Context Store for LLMs

TL;DR: Fabra's Context Store is the Inference Context Ledger — we own the write path, ingesting, indexing, and serving context data. Every context assembly becomes an immutable Context Record with full lineage, cryptographic integrity, and replay capability.

Why Context Store?

Building LLM applications requires more than just features. You need:

  1. Document Indexing: Store and chunk documents for retrieval.
  2. Vector Search: Find semantically relevant content.
  3. Context Assembly: Combine retrieved docs with user data under token limits.
  4. Freshness: Update context when documents change.
  5. Auditability: Know exactly what your AI knew when it decided.

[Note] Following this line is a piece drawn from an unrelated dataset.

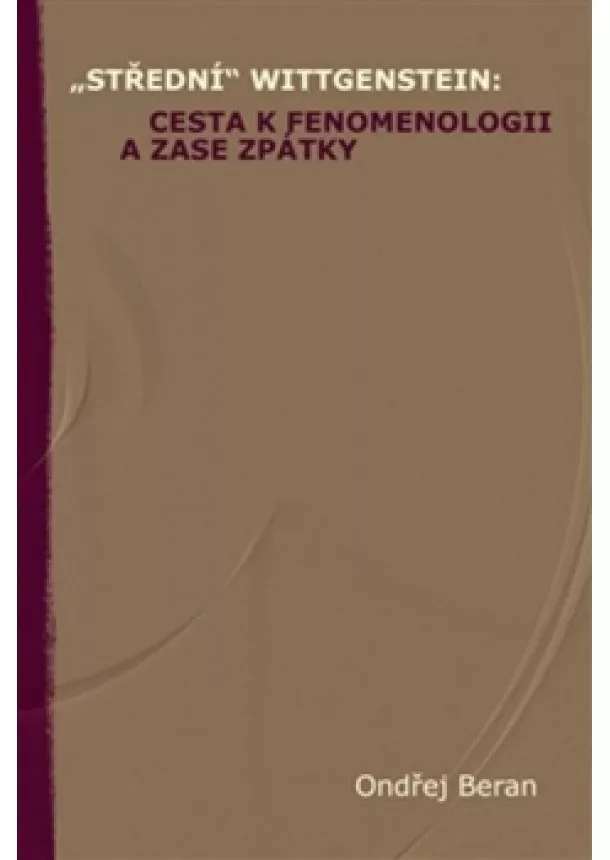 Ondřej Beran - „Střední“ Wittgenstein: cesta k fenomeno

Most teams cobble together Pinecone + LangChain + custom glue code. These are read-only wrappers — they query external stores but don't own the data lifecycle. Fabra owns the write path, enabling lineage, replay, and compliance that read-only tools cannot provide.

Quick Example

from fabra.core import FeatureStore
from fabra.context import context, Context, ContextItem
from fabra.retrieval import retriever

store = FeatureStore()

# 1. Define a retriever for semantic search
@retriever(index="knowledge_base", top_k=5)
async def search_docs(query: str):
    # Magic: Automatically searches "knowledge_base" index using
    # the configured offline store (Postgres + pgvector).
    pass

# 2. Define context assembly with token budget
@context(store, max_tokens=4000)
async def chat_context(user_id: str, query: str) -> list[ContextItem]:
    docs = await search_docs(query)
    # Access store instance via global or closure if needed
    user_prefs = await store.get_feature("user_preferences", user_id)

    return [
        ContextItem(content="You are a helpful assistant.", priority=0, required=True),
        ContextItem(content=str(docs), priority=1, required=True),
        ContextItem(content=f"User preferences: {user_prefs}", priority=2),
    ]

Core Concepts

1. Indexes

An Index is a collection of documents stored with vector embeddings for semantic search.

# Index documents via API
await store.index(
    index_name="knowledge_base",
    entity_id="doc_123",
    text="Fabra is a feature store and context store...",
    metadata={"source": "docs", "version": "1.2.0"}
)

Or via HTTP:

curl -X POST http://localhost:8000/ingest/document \
  -H "Content-Type: application/json" \
  -d '{
    "index_name": "knowledge_base",
    "entity_id": "doc_123",
    "text": "Fabra is a feature store...",
    "metadata": {"source": "docs"}
  }'

Automatic Features:

  • Chunking: Documents are split using tiktoken (default: 512 tokens per chunk).
  • Embedding: Chunks are embedded using OpenAI or Cohere (configurable).
  • Storage: Embeddings stored in Postgres with pgvector extension.

Management via CLI:

# Manually create an index
fabra index create knowledge_base --dimension 1536

# Check index status
fabra index status knowledge_base
# Output: Index: knowledge_base | Rows: 1542

2. Retrievers

A Retriever performs vector search and returns relevant documents.

from fabra.retrieval import retriever

@retriever(index="knowledge_base", cache_ttl=300)
async def search_docs(query: str):
    # "Magic Wiring": Setting `index` connects this function directly
    # to the vector store. No body implementation needed!
    pass

Parameters:

  • cache_ttl: Seconds to cache results (default: 0, no caching).

Learn more about Retrievers →

3. Context Assembly

A Context combines multiple sources under a token budget.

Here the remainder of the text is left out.